The circumstances of his life had taken Munis to Mexico, but as soon as he received news of the 1936 uprising in Barcelona, he returned to Spain, reformed the Bolshevik-Leninist Group which had disappeared, and later on participated with courage and determination, alongside the ‘Friends of Durruti', in the May 1937 insurrection of the workers of Barcelona against the Popular Front government. Arrested in 1938, he managed to escape the Stalinist prisons in 1939.
The outbreak of the second imperialist world war led Munis to break with Trotskyism, on the question of the defense of one imperialist camp against another, and to adopt a clear internationalist position of revolutionary defeatism against the imperialist war. He denounced Russia as a capitalist country and this led to the Spanish section breaking with the IVth International at its first post-war Congress, in 1948 (cf ‘Explicacion y Llamamiento a los militantes, grupos y secciones de la IV Internacional,' September 1949).

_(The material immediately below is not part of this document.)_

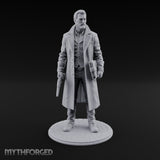 Gun-Toting Dossier-Clutching Human Investigator Miniature for Dungeons and Dragons, Pathfinder or other TTRPGs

After this break, his political evolution continued to move in the direction of greater revolutionary clarity, in particular on the union and parliamentary question, and notably after discussions with militants of the Gauche Communiste de France. However, the ‘Second Communist Manifesto' which he published in 1965 (after he'd spent a number of years in Franco's jails) showed a continuing difficulty in breaking completely from the Trotskyist approach, even though this document is evidently situated on a proletarian class terrain.
In 1967, along with comrades from the Venezuelan group Internacialismo, he participated in efforts to restore contacts with the revolutionary milieu in Italy. Thus, at the end of the ‘60s, with the resurgence of the working class onto the scene of history, he took his place alongside the weak revolutionary forces existing at that time, including those who were to form Revolution Internationale in France. But at the beginning of the ‘70s, he unfortunately remained outside the discussions and attempts at regroupment which resulted in particular in the constitution of the ICC in 1975. Even so, the Cerment Ouvriere Revolutionaire (FOR), the group he formed in Spain and France around the positions of the ‘Second Manifesto', at first agreed to participate in the series of conferences of groups of the communist left which began in Milan in 1977. But this attitude altered during the course of the second conference; the FOR walked out of the conference, and this was the expression of a tendency towards sectarian isolation which up to now has prevailed in this organization.
It's thus clear that we have very important differences with the FOR, which has led us to polemicise with them a number of times in our press (see in particular the article in International Review 52). However, despite the serious errors he may have made, Munis remained to the end a militant who was deeply loyal to the combat of the working class. He was one of those very rare militants who stood up to the pressures of the most terrible counterrevolution the proletariat has ever known, when many deserted or even betrayed the militant fight; and he was once again there alongside the class with the historical resurgence of its struggles at the end of the ‘60s.
We pay our homage to this militant of the revolutionary struggle, to his loyalty and unbreakable commitment to the proletarian cause. To the comrades of the FOR, we send our fraternal greetings.